Records shown:
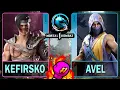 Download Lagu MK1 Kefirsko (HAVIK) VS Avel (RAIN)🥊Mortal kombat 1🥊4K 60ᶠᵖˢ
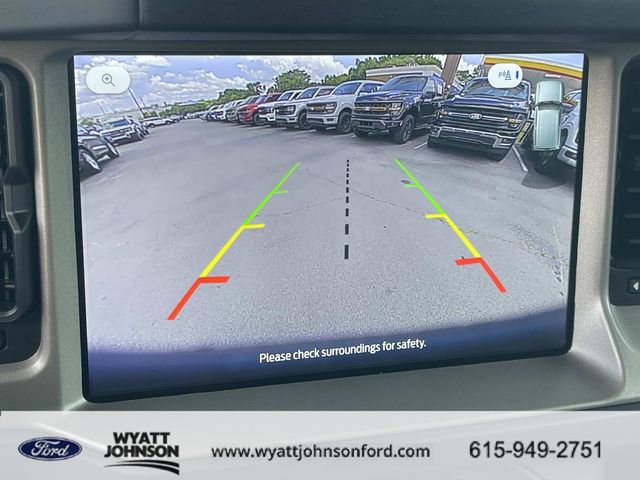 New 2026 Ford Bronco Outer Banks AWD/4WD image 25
* * *
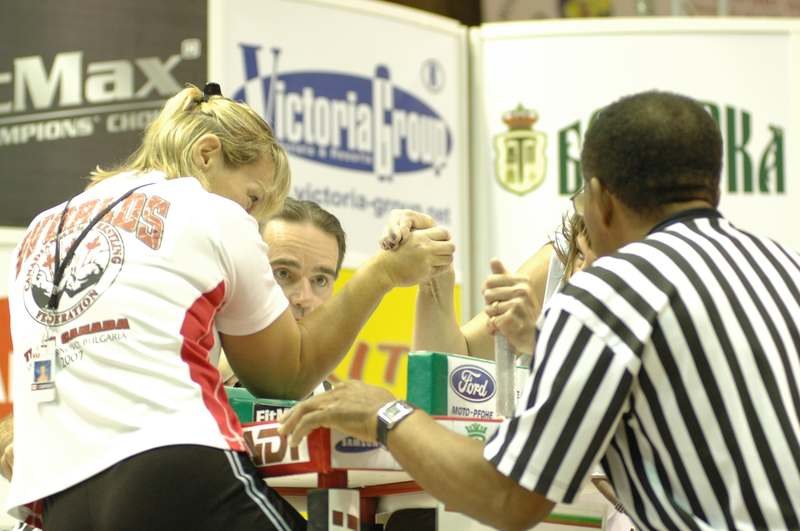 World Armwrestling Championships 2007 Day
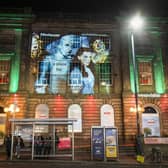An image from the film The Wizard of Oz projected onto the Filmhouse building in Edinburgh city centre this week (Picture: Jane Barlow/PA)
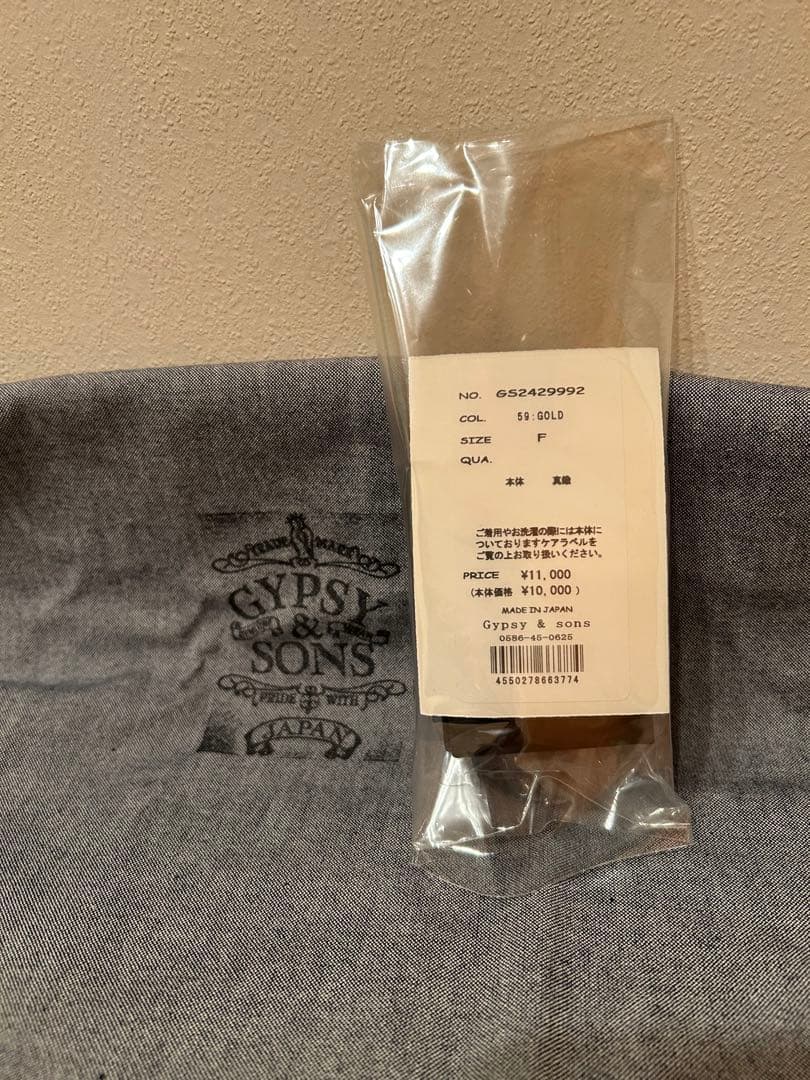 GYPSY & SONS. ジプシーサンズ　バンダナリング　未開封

About this task:
If a picture sits between the line containing "Download Lagu MK1" and the line containing "New 2026 Ford", leave it out, and return the lines of that range above exactly, both ends included.

Solution for this exercise:
 Download Lagu MK1 Kefirsko (HAVIK) VS Avel (RAIN)🥊Mortal kombat 1🥊4K 60ᶠᵖˢ
 New 2026 Ford Bronco Outer Banks AWD/4WD image 25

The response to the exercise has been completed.